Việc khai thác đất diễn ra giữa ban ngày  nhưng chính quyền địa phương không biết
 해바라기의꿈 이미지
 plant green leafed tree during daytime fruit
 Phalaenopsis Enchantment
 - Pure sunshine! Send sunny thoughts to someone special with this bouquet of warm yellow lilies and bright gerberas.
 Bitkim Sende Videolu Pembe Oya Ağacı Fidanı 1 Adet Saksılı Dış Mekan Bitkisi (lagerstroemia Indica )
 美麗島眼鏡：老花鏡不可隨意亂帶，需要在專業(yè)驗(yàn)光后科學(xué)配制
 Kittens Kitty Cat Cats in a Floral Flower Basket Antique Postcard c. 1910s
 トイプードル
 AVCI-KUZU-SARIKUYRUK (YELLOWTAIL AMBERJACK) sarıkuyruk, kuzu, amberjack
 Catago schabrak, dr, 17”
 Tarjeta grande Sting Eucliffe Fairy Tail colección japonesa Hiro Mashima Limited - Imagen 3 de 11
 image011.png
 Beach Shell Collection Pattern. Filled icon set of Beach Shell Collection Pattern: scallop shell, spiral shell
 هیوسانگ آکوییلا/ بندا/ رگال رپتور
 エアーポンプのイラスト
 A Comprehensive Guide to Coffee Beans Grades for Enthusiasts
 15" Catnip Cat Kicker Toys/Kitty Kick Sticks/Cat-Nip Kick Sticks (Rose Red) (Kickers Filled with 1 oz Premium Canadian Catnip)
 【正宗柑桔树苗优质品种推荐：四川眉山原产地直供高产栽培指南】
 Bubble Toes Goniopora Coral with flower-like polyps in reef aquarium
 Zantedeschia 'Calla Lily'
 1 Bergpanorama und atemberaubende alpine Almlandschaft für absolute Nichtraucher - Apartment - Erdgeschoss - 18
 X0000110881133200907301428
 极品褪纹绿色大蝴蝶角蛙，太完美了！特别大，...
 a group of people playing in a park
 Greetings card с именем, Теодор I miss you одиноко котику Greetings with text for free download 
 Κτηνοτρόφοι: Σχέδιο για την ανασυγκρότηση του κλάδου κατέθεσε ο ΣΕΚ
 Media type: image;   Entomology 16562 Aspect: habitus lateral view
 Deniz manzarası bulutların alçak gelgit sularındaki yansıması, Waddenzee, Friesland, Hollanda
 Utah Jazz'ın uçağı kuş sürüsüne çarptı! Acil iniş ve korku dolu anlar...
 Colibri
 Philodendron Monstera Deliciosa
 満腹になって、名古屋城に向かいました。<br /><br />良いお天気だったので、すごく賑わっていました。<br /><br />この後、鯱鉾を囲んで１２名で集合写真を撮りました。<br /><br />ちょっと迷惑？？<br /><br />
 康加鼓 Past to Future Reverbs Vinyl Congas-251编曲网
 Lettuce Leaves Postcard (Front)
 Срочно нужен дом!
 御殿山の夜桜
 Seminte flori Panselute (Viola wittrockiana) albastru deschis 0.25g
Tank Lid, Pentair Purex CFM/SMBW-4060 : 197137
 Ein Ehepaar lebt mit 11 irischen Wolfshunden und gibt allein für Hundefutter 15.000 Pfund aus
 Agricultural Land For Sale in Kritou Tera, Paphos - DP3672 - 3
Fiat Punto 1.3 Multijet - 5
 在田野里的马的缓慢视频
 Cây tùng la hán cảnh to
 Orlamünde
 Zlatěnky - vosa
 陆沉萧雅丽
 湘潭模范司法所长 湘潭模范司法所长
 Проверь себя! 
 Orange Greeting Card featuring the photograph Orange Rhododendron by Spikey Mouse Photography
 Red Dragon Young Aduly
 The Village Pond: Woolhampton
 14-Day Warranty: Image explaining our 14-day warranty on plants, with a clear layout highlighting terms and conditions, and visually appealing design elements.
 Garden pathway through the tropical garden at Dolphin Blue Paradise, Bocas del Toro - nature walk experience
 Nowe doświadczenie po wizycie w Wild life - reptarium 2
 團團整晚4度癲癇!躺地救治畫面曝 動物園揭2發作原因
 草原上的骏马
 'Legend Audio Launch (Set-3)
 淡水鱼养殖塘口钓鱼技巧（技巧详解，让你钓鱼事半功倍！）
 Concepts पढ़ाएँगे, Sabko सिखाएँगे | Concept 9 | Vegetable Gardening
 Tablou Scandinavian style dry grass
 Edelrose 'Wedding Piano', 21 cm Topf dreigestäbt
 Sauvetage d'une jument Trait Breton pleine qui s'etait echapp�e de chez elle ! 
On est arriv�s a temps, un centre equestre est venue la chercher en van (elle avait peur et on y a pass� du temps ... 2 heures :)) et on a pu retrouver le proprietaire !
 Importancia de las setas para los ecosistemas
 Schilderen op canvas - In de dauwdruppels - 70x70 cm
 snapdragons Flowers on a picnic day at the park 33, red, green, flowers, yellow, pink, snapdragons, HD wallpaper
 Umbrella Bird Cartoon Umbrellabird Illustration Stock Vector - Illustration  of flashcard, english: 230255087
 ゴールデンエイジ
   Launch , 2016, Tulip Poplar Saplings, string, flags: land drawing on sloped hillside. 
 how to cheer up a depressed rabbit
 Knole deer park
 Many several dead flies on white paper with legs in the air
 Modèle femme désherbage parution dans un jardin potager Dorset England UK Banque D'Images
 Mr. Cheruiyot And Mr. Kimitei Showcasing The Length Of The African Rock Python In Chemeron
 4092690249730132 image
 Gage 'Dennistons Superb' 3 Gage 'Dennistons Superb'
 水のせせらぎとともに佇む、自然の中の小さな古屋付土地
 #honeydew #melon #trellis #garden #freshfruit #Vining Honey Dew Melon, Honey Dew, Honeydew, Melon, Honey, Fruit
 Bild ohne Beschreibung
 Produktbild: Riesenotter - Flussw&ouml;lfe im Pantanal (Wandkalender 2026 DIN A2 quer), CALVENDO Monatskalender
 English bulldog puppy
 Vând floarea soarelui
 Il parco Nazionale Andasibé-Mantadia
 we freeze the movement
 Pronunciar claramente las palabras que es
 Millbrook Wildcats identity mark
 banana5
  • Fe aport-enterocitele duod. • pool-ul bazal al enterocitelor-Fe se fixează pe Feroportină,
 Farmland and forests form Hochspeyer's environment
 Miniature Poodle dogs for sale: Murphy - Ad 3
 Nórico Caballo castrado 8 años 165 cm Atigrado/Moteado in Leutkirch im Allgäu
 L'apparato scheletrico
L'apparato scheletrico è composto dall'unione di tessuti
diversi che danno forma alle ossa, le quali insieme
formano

▸ **Your instructions**:
Please transcribe the records in full, keeping every word as it is.

▸ **Exercise output**:
Việc khai thác đất diễn ra giữa ban ngày  nhưng chính quyền địa phương không biết
 해바라기의꿈 이미지
 plant green leafed tree during daytime fruit
 Phalaenopsis Enchantment
 - Pure sunshine! Send sunny thoughts to someone special with this bouquet of warm yellow lilies and bright gerberas.
 Bitkim Sende Videolu Pembe Oya Ağacı Fidanı 1 Adet Saksılı Dış Mekan Bitkisi (lagerstroemia Indica )
 美麗島眼鏡：老花鏡不可隨意亂帶，需要在專業(yè)驗(yàn)光后科學(xué)配制
 Kittens Kitty Cat Cats in a Floral Flower Basket Antique Postcard c. 1910s
 トイプードル
 AVCI-KUZU-SARIKUYRUK (YELLOWTAIL AMBERJACK) sarıkuyruk, kuzu, amberjack
 Catago schabrak, dr, 17”
 Tarjeta grande Sting Eucliffe Fairy Tail colección japonesa Hiro Mashima Limited - Imagen 3 de 11
 image011.png
 Beach Shell Collection Pattern. Filled icon set of Beach Shell Collection Pattern: scallop shell, spiral shell
 هیوسانگ آکوییلا/ بندا/ رگال رپتور
 エアーポンプのイラスト
 A Comprehensive Guide to Coffee Beans Grades for Enthusiasts
 15" Catnip Cat Kicker Toys/Kitty Kick Sticks/Cat-Nip Kick Sticks (Rose Red) (Kickers Filled with 1 oz Premium Canadian Catnip)
 【正宗柑桔树苗优质品种推荐：四川眉山原产地直供高产栽培指南】
 Bubble Toes Goniopora Coral with flower-like polyps in reef aquarium
 Zantedeschia 'Calla Lily'
 1 Bergpanorama und atemberaubende alpine Almlandschaft für absolute Nichtraucher - Apartment - Erdgeschoss - 18
 X0000110881133200907301428
 极品褪纹绿色大蝴蝶角蛙，太完美了！特别大，...
 a group of people playing in a park
 Greetings card с именем, Теодор I miss you одиноко котику Greetings with text for free download 
 Κτηνοτρόφοι: Σχέδιο για την ανασυγκρότηση του κλάδου κατέθεσε ο ΣΕΚ
 Media type: image;   Entomology 16562 Aspect: habitus lateral view
 Deniz manzarası bulutların alçak gelgit sularındaki yansıması, Waddenzee, Friesland, Hollanda
 Utah Jazz'ın uçağı kuş sürüsüne çarptı! Acil iniş ve korku dolu anlar...
 Colibri
 Philodendron Monstera Deliciosa
 満腹になって、名古屋城に向かいました。<br /><br />良いお天気だったので、すごく賑わっていました。<br /><br />この後、鯱鉾を囲んで１２名で集合写真を撮りました。<br /><br />ちょっと迷惑？？<br /><br />
 康加鼓 Past to Future Reverbs Vinyl Congas-251编曲网
 Lettuce Leaves Postcard (Front)
 Срочно нужен дом!
 御殿山の夜桜
 Seminte flori Panselute (Viola wittrockiana) albastru deschis 0.25g
Tank Lid, Pentair Purex CFM/SMBW-4060 : 197137
 Ein Ehepaar lebt mit 11 irischen Wolfshunden und gibt allein für Hundefutter 15.000 Pfund aus
 Agricultural Land For Sale in Kritou Tera, Paphos - DP3672 - 3
Fiat Punto 1.3 Multijet - 5
 在田野里的马的缓慢视频
 Cây tùng la hán cảnh to
 Orlamünde
 Zlatěnky - vosa
 陆沉萧雅丽
 湘潭模范司法所长 湘潭模范司法所长
 Проверь себя! 
 Orange Greeting Card featuring the photograph Orange Rhododendron by Spikey Mouse Photography
 Red Dragon Young Aduly
 The Village Pond: Woolhampton
 14-Day Warranty: Image explaining our 14-day warranty on plants, with a clear layout highlighting terms and conditions, and visually appealing design elements.
 Garden pathway through the tropical garden at Dolphin Blue Paradise, Bocas del Toro - nature walk experience
 Nowe doświadczenie po wizycie w Wild life - reptarium 2
 團團整晚4度癲癇!躺地救治畫面曝 動物園揭2發作原因
 草原上的骏马
 'Legend Audio Launch (Set-3)
 淡水鱼养殖塘口钓鱼技巧（技巧详解，让你钓鱼事半功倍！）
 Concepts पढ़ाएँगे, Sabko सिखाएँगे | Concept 9 | Vegetable Gardening
 Tablou Scandinavian style dry grass
 Edelrose 'Wedding Piano', 21 cm Topf dreigestäbt
 Sauvetage d'une jument Trait Breton pleine qui s'etait echapp�e de chez elle ! 
On est arriv�s a temps, un centre equestre est venue la chercher en van (elle avait peur et on y a pass� du temps ... 2 heures :)) et on a pu retrouver le proprietaire !
 Importancia de las setas para los ecosistemas
 Schilderen op canvas - In de dauwdruppels - 70x70 cm
 snapdragons Flowers on a picnic day at the park 33, red, green, flowers, yellow, pink, snapdragons, HD wallpaper
 Umbrella Bird Cartoon Umbrellabird Illustration Stock Vector - Illustration  of flashcard, english: 230255087
 ゴールデンエイジ
   Launch , 2016, Tulip Poplar Saplings, string, flags: land drawing on sloped hillside. 
 how to cheer up a depressed rabbit
 Knole deer park
 Many several dead flies on white paper with legs in the air
 Modèle femme désherbage parution dans un jardin potager Dorset England UK Banque D'Images
 Mr. Cheruiyot And Mr. Kimitei Showcasing The Length Of The African Rock Python In Chemeron
 4092690249730132 image
 Gage 'Dennistons Superb' 3 Gage 'Dennistons Superb'
 水のせせらぎとともに佇む、自然の中の小さな古屋付土地
 #honeydew #melon #trellis #garden #freshfruit #Vining Honey Dew Melon, Honey Dew, Honeydew, Melon, Honey, Fruit
 Bild ohne Beschreibung
 Produktbild: Riesenotter - Flussw&ouml;lfe im Pantanal (Wandkalender 2026 DIN A2 quer), CALVENDO Monatskalender
 English bulldog puppy
 Vând floarea soarelui
 Il parco Nazionale Andasibé-Mantadia
 we freeze the movement
 Pronunciar claramente las palabras que es
 Millbrook Wildcats identity mark
 banana5
  • Fe aport-enterocitele duod. • pool-ul bazal al enterocitelor-Fe se fixează pe Feroportină,
 Farmland and forests form Hochspeyer's environment
 Miniature Poodle dogs for sale: Murphy - Ad 3
 Nórico Caballo castrado 8 años 165 cm Atigrado/Moteado in Leutkirch im Allgäu
 L'apparato scheletrico
L'apparato scheletrico è composto dall'unione di tessuti
diversi che danno forma alle ossa, le quali insieme
formano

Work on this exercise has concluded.